I’ve been thinking about that (inside my head) a lot lately. When abstinence speech controversies at area high schools began to swirl, I began to stew.  Our children have enough emotionally draining material to sift through in this stage of life. It’s my opinion that we don’t need one more mouth, on either side, becoming unhinged at the jaw.

I can still see my mother sitting at the kitchen table in a cloud of Viceroy smoke.  In her metaphorical way, she was trying to tell me to be selective when it comes to people and politics; people and philosophy; and people and perspectives. She was warning me to think carefully about whom and what I allow to influence my behaviors and beliefs. Values she fought hard to form.

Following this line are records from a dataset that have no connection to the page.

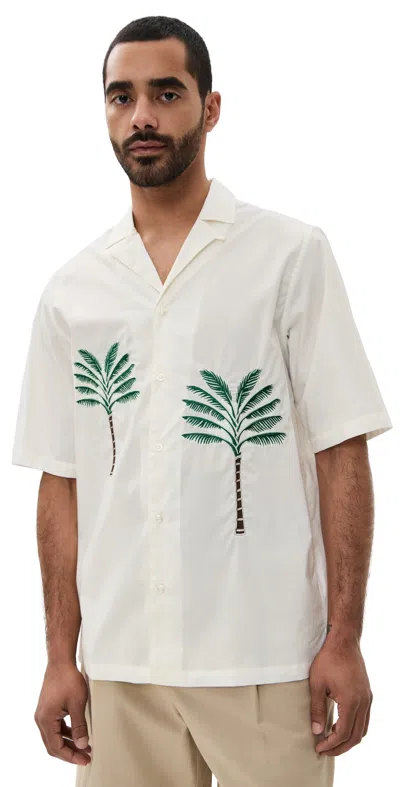OFFICINE GENERALE LUIS PALM TREE SHIRT ECRU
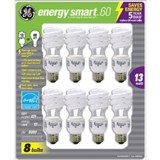 13 watt GE CFL, 8 pack - 60 watt equivalent, soft white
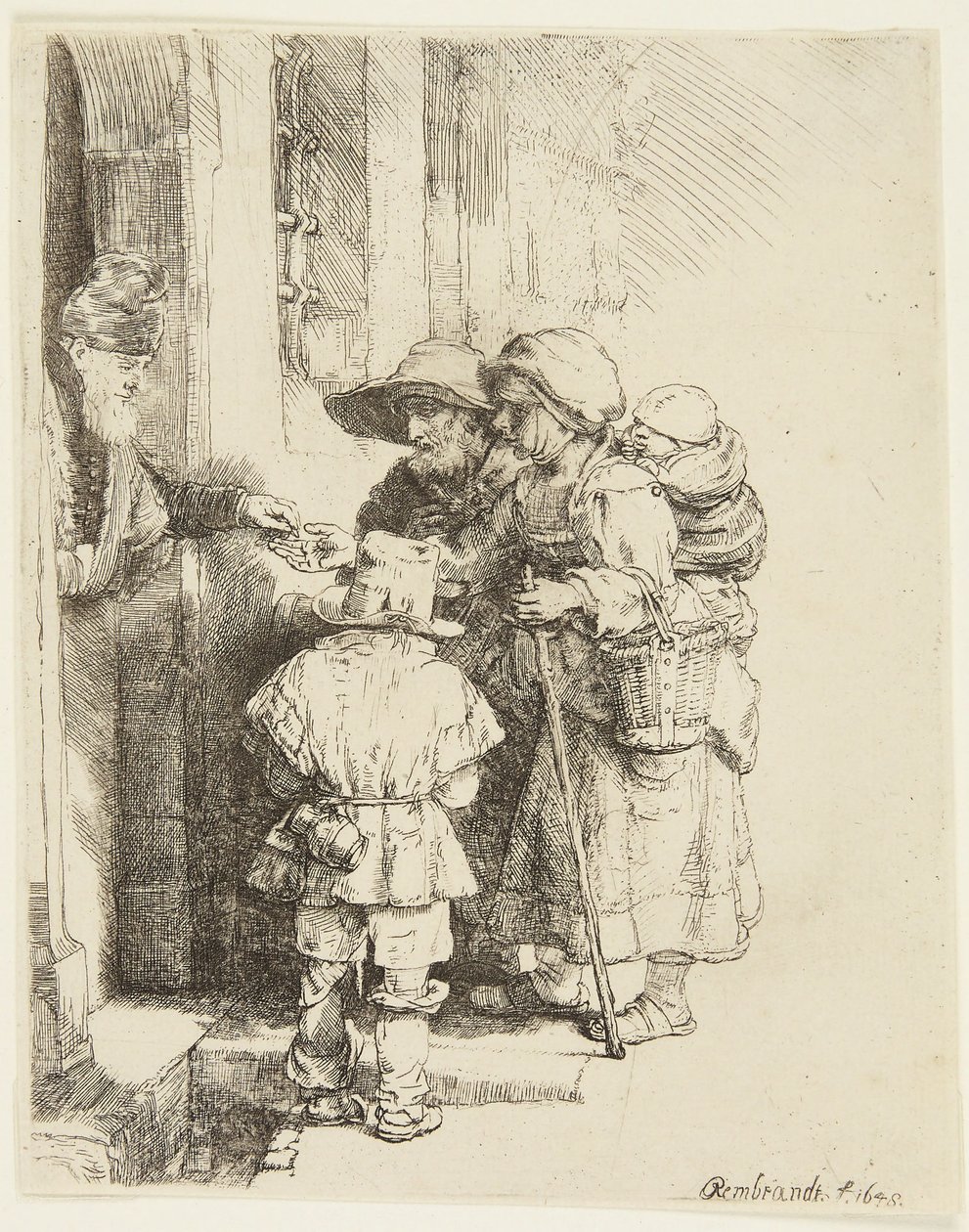 Sokea hurdy-gurdy-soittaja ja hänen perheensä saavat almuja tekijältä Rembrandt van Rijn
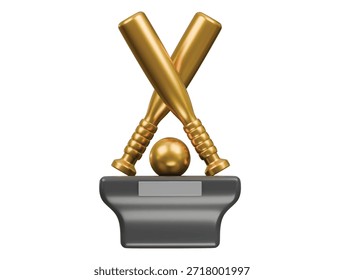 ícone de troféu de beisebol renderização de ilustração 3d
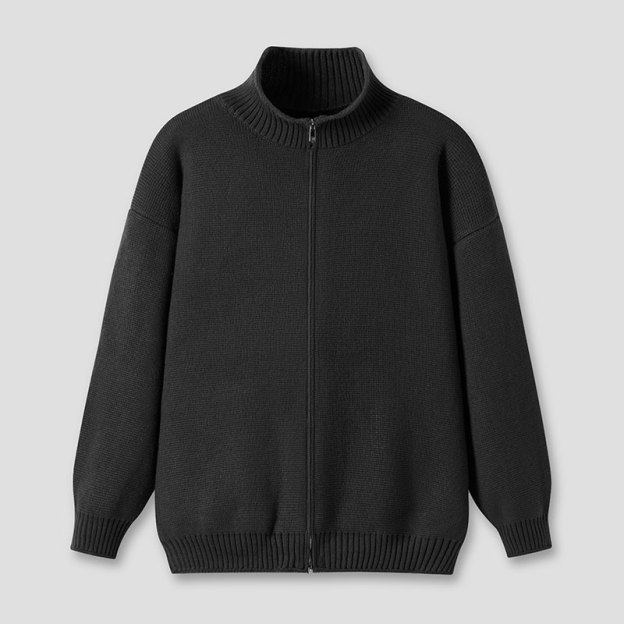 Solid Full-Zip Cardigan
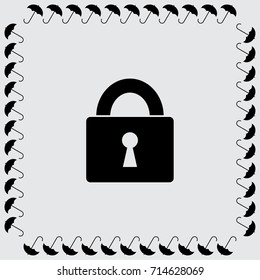 Lock icon, secure vector illustration
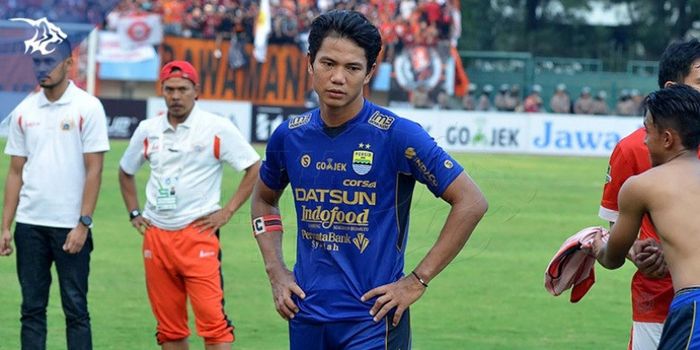 Ahmad Jufriyanto saat laga Persija Jakarta kontra Persib Bandung.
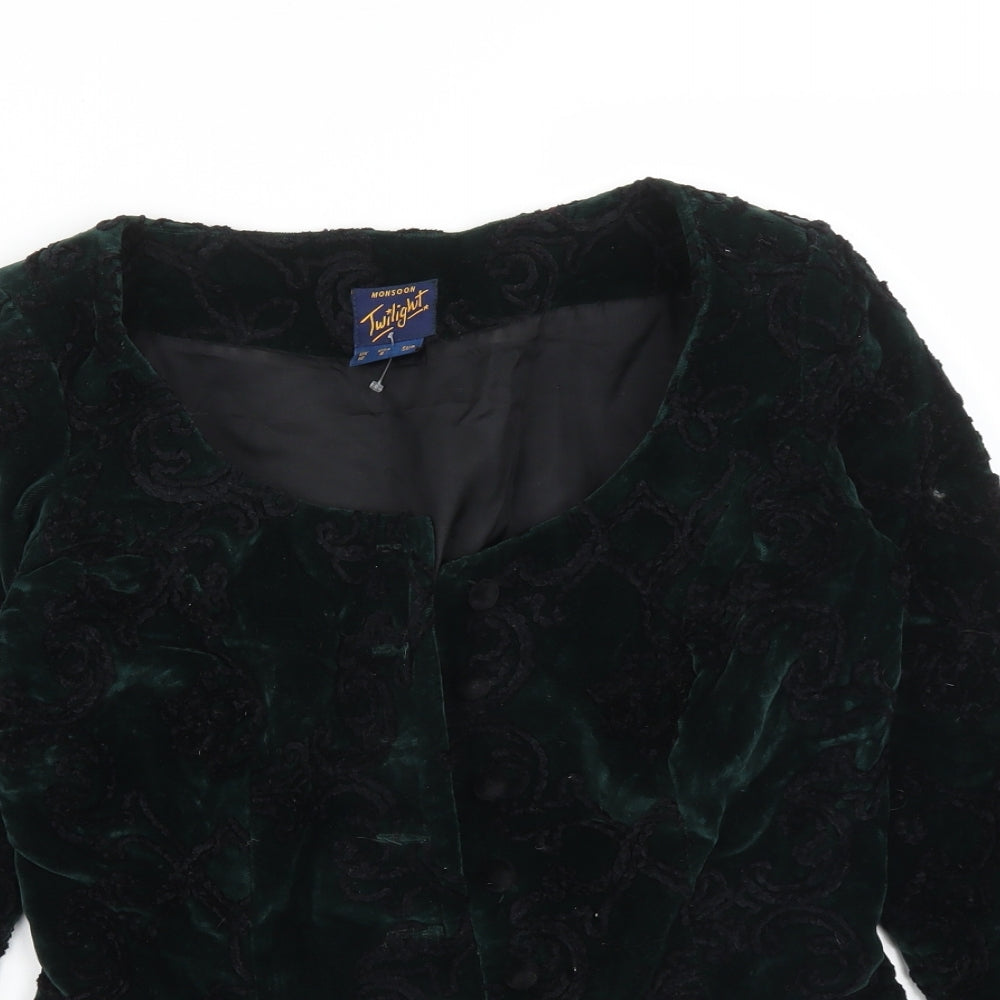 Monsoon Womens Green Geometric  Jacket Blazer Size 10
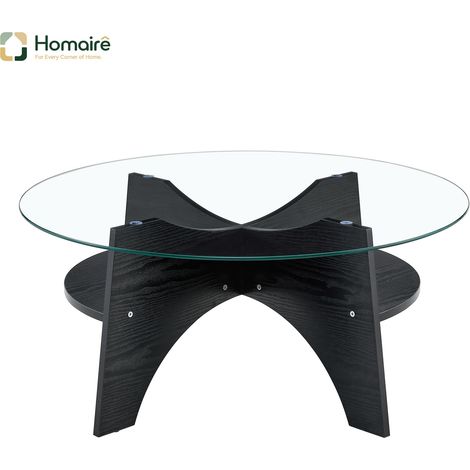 1005035Cm Couchtisch Mit Led Licht Sofatisch Mit 2 Schubladen Wohnzimmertisch Aus Glas HOMAIRE (1/5)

In email exchanges with friends and fellow parents, I edited my mother’s quote to reflect how I feel about the sex education debate.

“Be careful whom you let inside your house.”

When someone, anyone, tells my daughter that her mother will hate her if she’s promiscuous, then he or she has invaded my house.

When someone, anyone, threatens to derail my daughter’s scholastic opportunities and goals, then he or she has invaded my house.

When someone, anyone, informs my daughter that she’s a sinner for x, y, or z, then he or she has invaded my house.

When someone, anyone, hands out birth control on the sidewalk or in a parking lot — even if my daughter waves it off or accepts it without comment – then he or she has invaded my house.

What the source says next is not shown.